BEETHOVEN: Piano Concerto No. 3 in C Minor; TCHAIKOVSKY: Piano Concerto No. 1 in B-flat Minor – Mark Hambourg, piano/London Symphony Orchestra /Malcolm Sargent (Beethoven)/ Royal Albert Hall Orchestra/Landon Ronald (Tchaikovsky) – Pristine Audio

by | May 26, 2010 | Classical Reissue Reviews | 0 comments

BEETHOVEN: Piano Concerto No. 3 in C Minor, Op. 37; TCHAIKOVSKY: Piano Concerto No. 1 in B-flat Minor, OP. 23 – Mark Hambourg, piano/London Symphony Orchestra /Malcolm Sargent (Beethoven)/ Royal Albert Hall Orchestra/Landon Ronald (Tchaikovsky)

Pristine Audio PASC 223, 63:28 (FLAC download or CD-R available) [www.pristineclassical.com] ****:


Mark Hambourg (1879-1960) has faded into relative oblivion, despite his having at one time dominated the musical scene in Britain after he and his family emigrated from Tsarist Russia. Hambourg stopped cutting commercial discs after 1935. Brought to the attention of Paderewski, Hambourg went on to study with Leschetitzky in Vienna who purified and refined his sound. These transcriptions of shellacs made in Kingsway Hall, London give us the only concerto recordings Hambourg inscribed, the Beethoven C Minor (13-14 November 1929) and the Tchaikovsky First Concerto (28 September 1926), the concerto’s first electrical recording and never prior-issued on LP or CD. The transfers by Mark Obert-Thorn are relatively quiet, given the noisy surface quality of the originals.
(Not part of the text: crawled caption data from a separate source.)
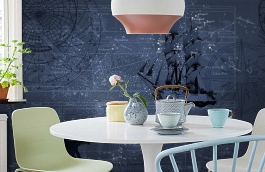 Обои P112602-8 фото в интерьере кухни превью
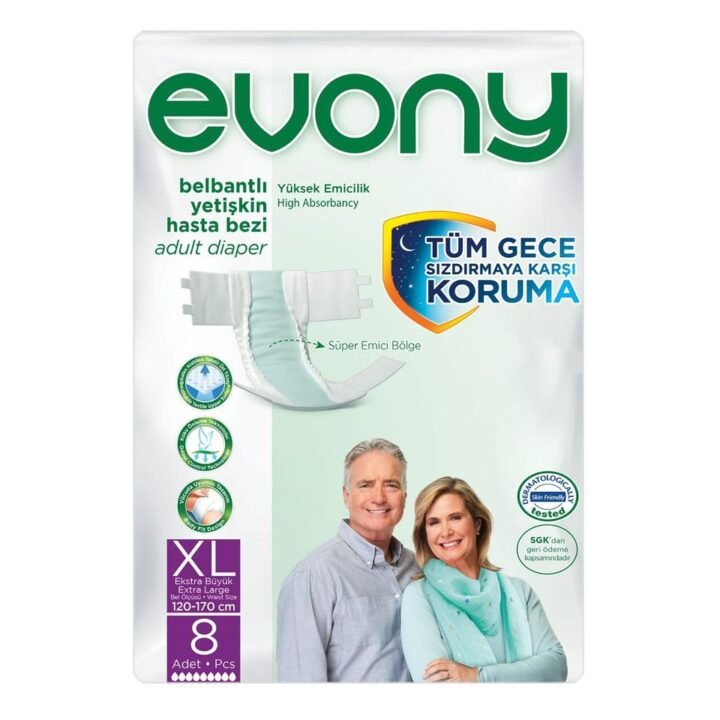 فوط كبار السن EVONY MEDIUM XL،  فوطة 8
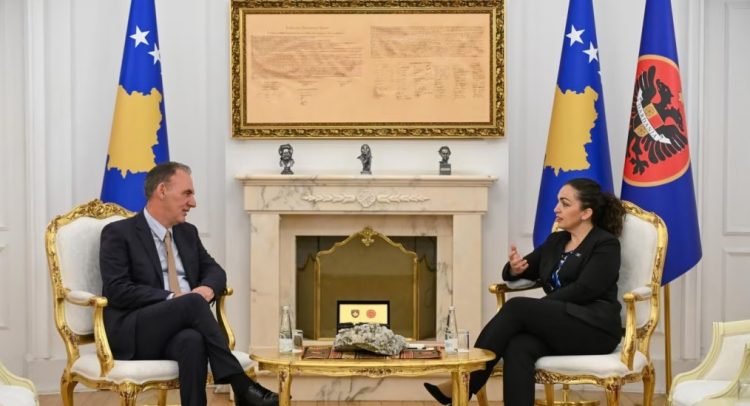 Osmani takim me Limaj, u diskutua lidhur me përpjekjet për konstituimin e Kuvendit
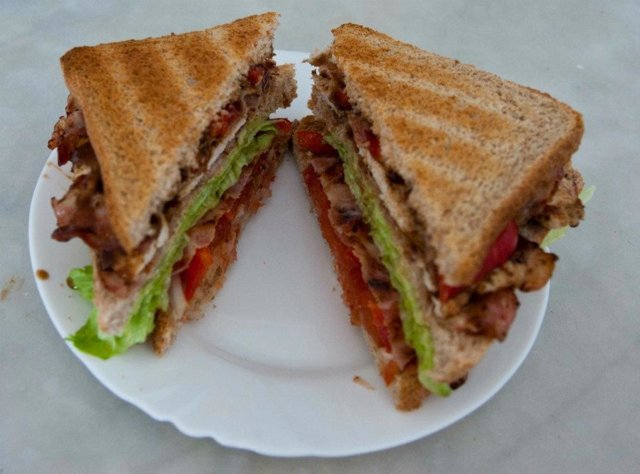 Chicken BLT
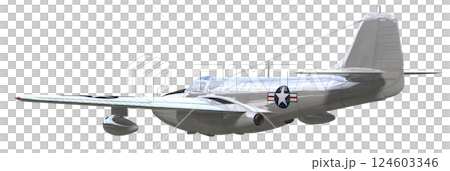 P-59 Airacomet 124603346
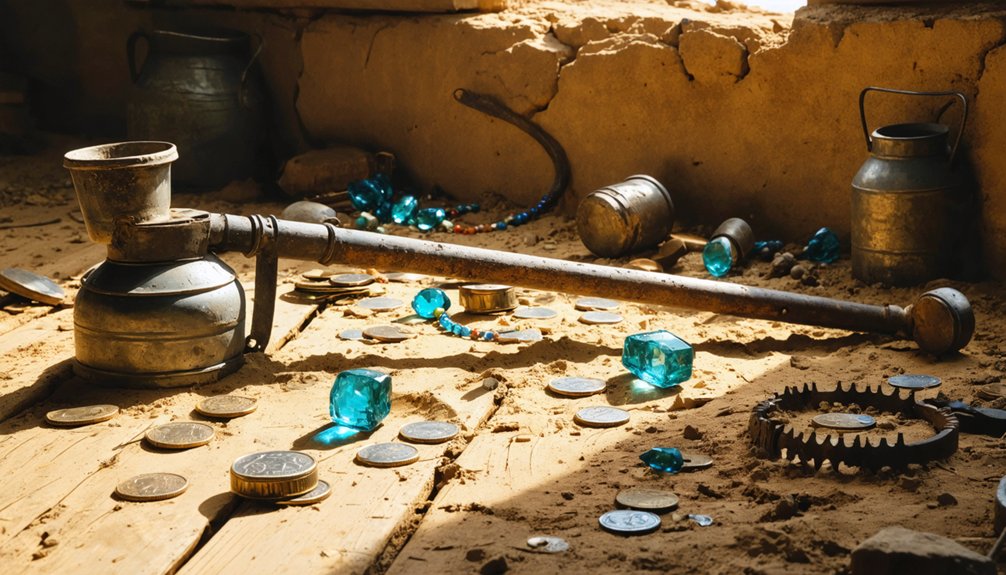 artifacts reveal global trade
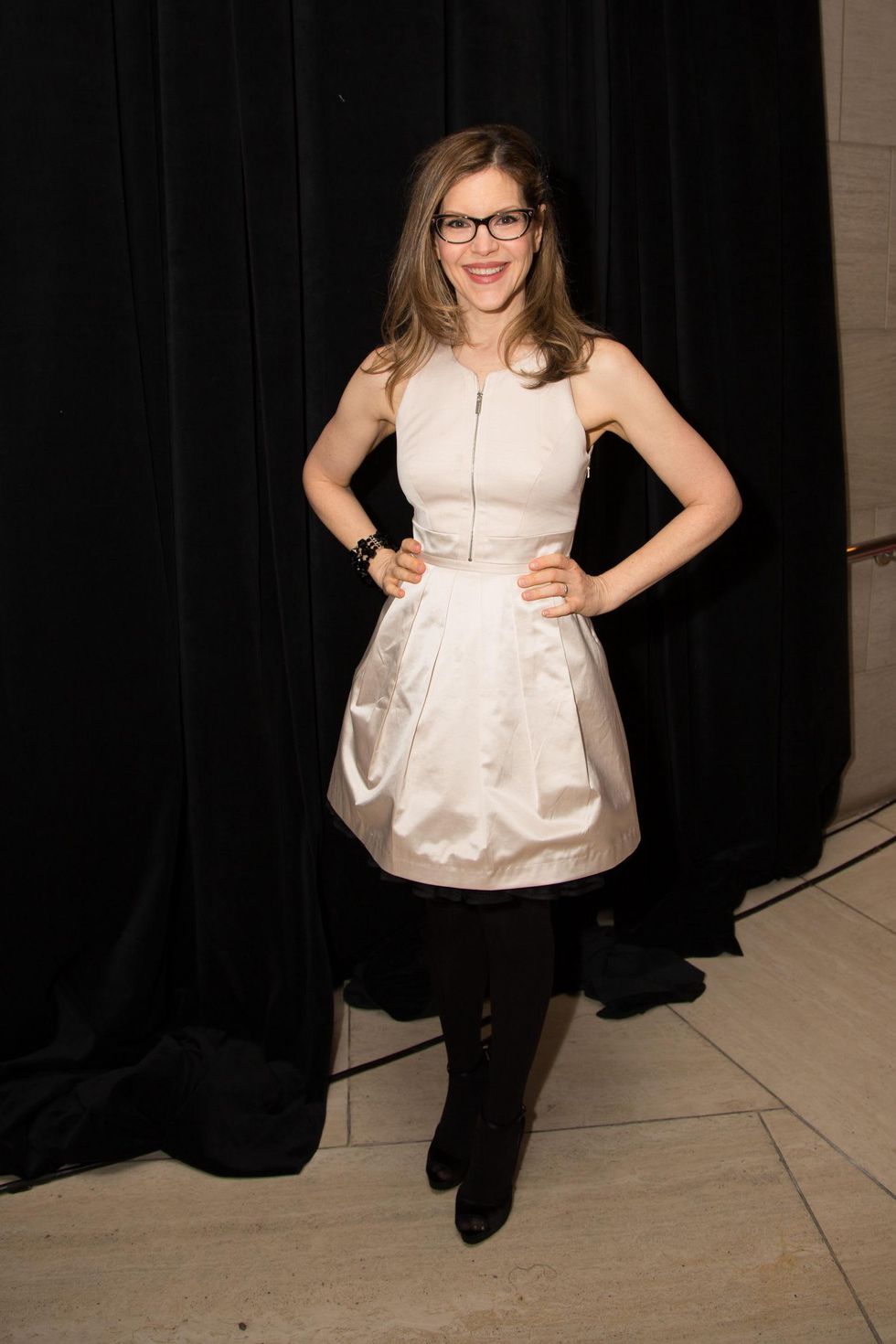 Lisa Loeb at UNT Emerald Eagles Honors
What we glean from the Beethoven is a rather willful, Romantic manner of execution, often disregarding Beethoven’s explicit tempo and dynamic markings and then interpolating–in the cadenza–all sorts of playful and improvisational asides, curlicues, and repeated notes. The slowings-down and speedings-up at random passages seem, if not frivolous, at the very least matters of artistic license few contemporary artists would dare. Still, Hambourg can project a lovely tone and shades of nuance when he wishes, and his “vocal” palette elicits enough pearly play to justify Busoni’s contention that in the early part of the 20th Century, Hambourg was the greatest active talent of his time. The case for intellectual and digital refinement appears in the Largo movement, which holds the plastic line in fine balance. The right hand fioritura and trills prove elegant and clearly articulate. The opening of the last movement suffers a bit of dry acoustic, but the tonal and dynamic refinement shines through. The delicacy of performance rather takes us aback, its fluid lightness almost suggestive of the last movement of the Grieg Concerto rather than of Beethoven. Rocket like flurries mark the last flourish to the coda, scintillating and brilliant in their ravishing surface energy.

Obert-Thorn admits in his liner notes that the first side of the Tchaikovsky Concerto needed a new take, given its distant sonic perspective; I find the piano sound muddy and unfocused. Hambourg likely packed some devastating double octaves, but they are mystified by the primitive technology, which also clouds his bass. Ronald himself indulges in some old-world portamento and slides, but the massive shape of the first movement remains firm. That Hambourg commanded a poetic sensibility comes through in the lyrical sections of movement, and his rapid passagework attests to a striking digital finesse. Hambourg does not shy away from some demonic fioritura when the impulse grabs him; he then segues into ravishing light touches that well anticipate the more monolithic contrasts effected by Sviatoslav Richter. The cadenza has Hambourg applying some high-octave interpolations that are pure poetic license. The second movement moves with a silken poise appropriate to any age of pianism, the waltz-sequence taking on a dreamy charm in the manner of a polichinelle from one of the composer’s ballets. The last movement canters rather than thunders, opening moderato, with the “con fuoco” gathering itself incrementally. When Hambourg does accelerate through Ronald’s slides, he demonstrates broad, sweeping gestures, a sylvan assurance that can easily explode with obsessive force. The last pages might have been played by the young Horowitz, so tempestuous are the upward scales to the coda, which resounds with a Russian verve all its own. Quite a rare ride, a tour de force on several levels despite the limits of the early sound technology.